Red Lake Nation News - Babaamaajimowinan (Telling of news in different places)

To Vote or Not to Vote: Native Choice


I teach native politics, treaties, and federal Indian law at the University of Minnesota. In my current course, Law, Sovereignty, & Treaty Rights, we just read a splendid short article by Russel Barsh that describes the rich political and cultural diversity of Indigenous peoples at the global level. He points out, for example, how Indigenous peoples in states like the United States and Australia, where their demographic footprint is small—less than 2 percent of the overall population and controlling less than 5 percent of the territory—typically engage in intergovernmental politics very differently than in states like Bolivia, Mexico, or New Zealand, where the indigenous population is much larger: 10 to 50 percent or more and where they control or live on a much larger territorial mass.

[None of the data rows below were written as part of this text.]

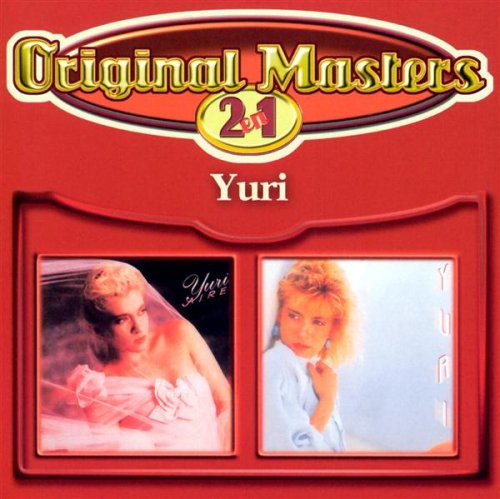 Yuri (CD Original Masters, 2en1) 724359870427 n/az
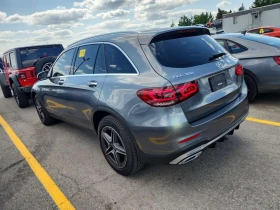 Mercedes-Benz GLC * 300 * CARFAX * ЦЕНА ДО БГ, снимка 4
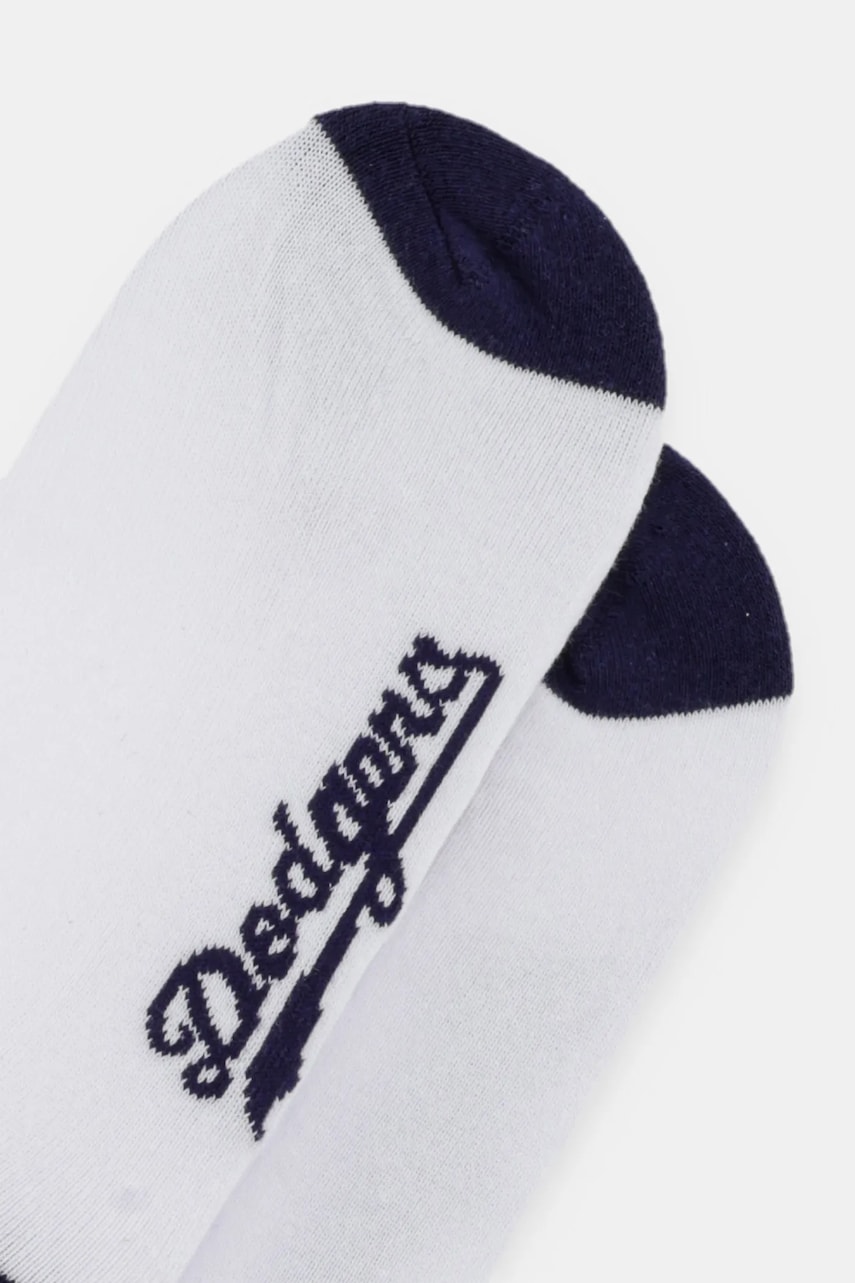 Носки New Era цвет белый 60595125 Носки New Era цвет белый 60595125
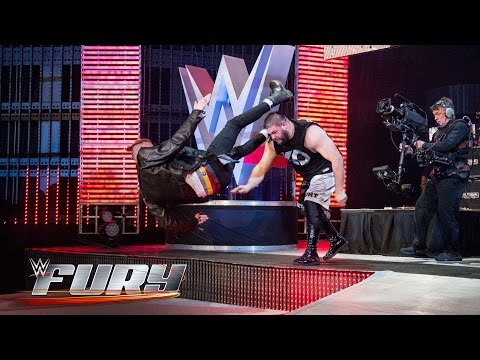 WATCH: WWE Fury – Stage Attacks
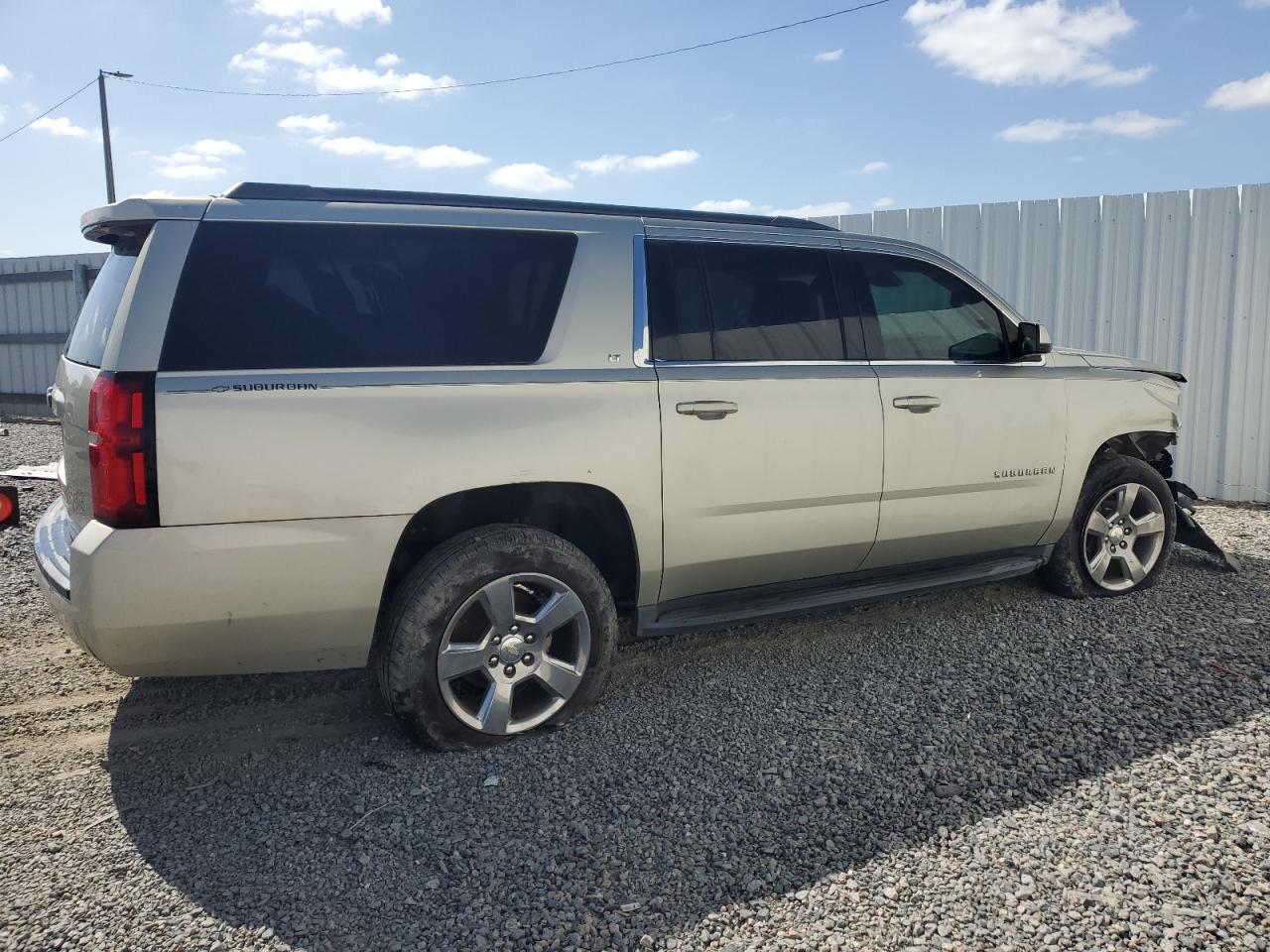 1GNSCHKC5HR141697 CHEVROLET SUBURBAN 2017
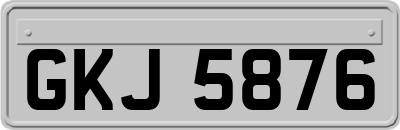 GKJ5876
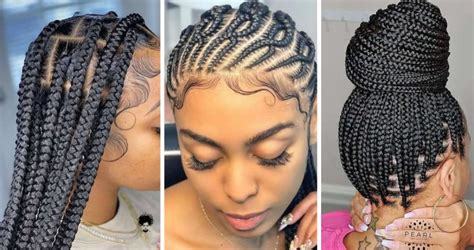 Popular Braiding Styles for Every Curl Type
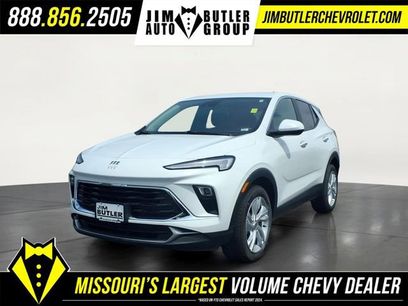 Used 2025 Buick Encore GX Preferred
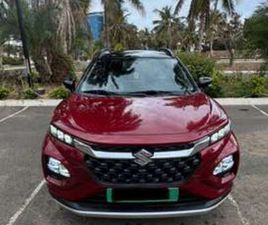 SUZUKI FRONX A VENDRE, CAUSE DE DEPART - ALMADIES | EXPAT-DAKAR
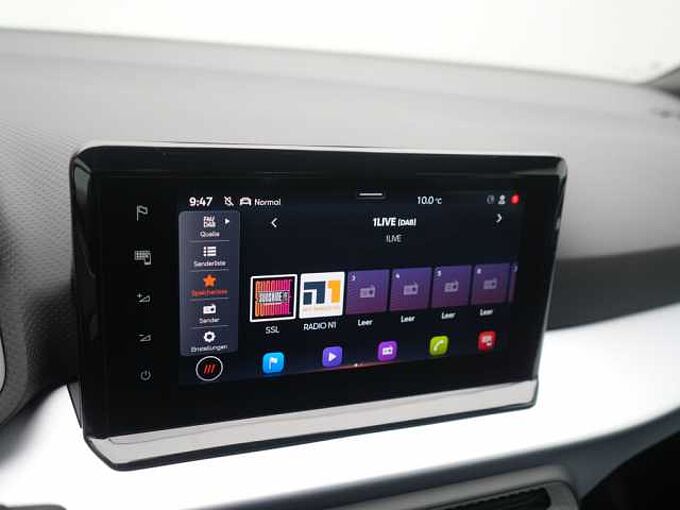 SEAT Arona FR NAVI VIRT ACC KAM LED SHZ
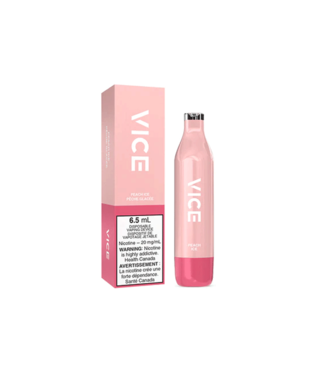 VICE 2500 Peach Ice 20 mg - VICE 2500 - Ontario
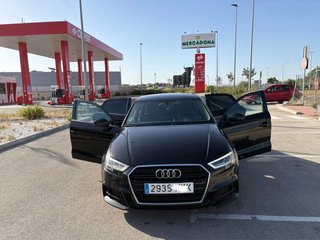 Audi A3 40tfsi 190cv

In places like Bolivia, Native peoples wielding considerable electoral and economic power tend to focus on seeking direct representation within the national government and thus frequently align politically with other racial or ethnic groups with similar goals. However, the landscape is very different for Indigenous peoples who are a numerical minority within the confines of a large state, as in the United States. Since the late 1960s, Native nations have balanced very public efforts to maintain and strengthen autonomy with deliberate political segregation which has proven vital for delineating our existence as distinct sovereign nations separate and apart from racial, ethnic, and gender groups who generally seek a measure of inclusion in the larger polity.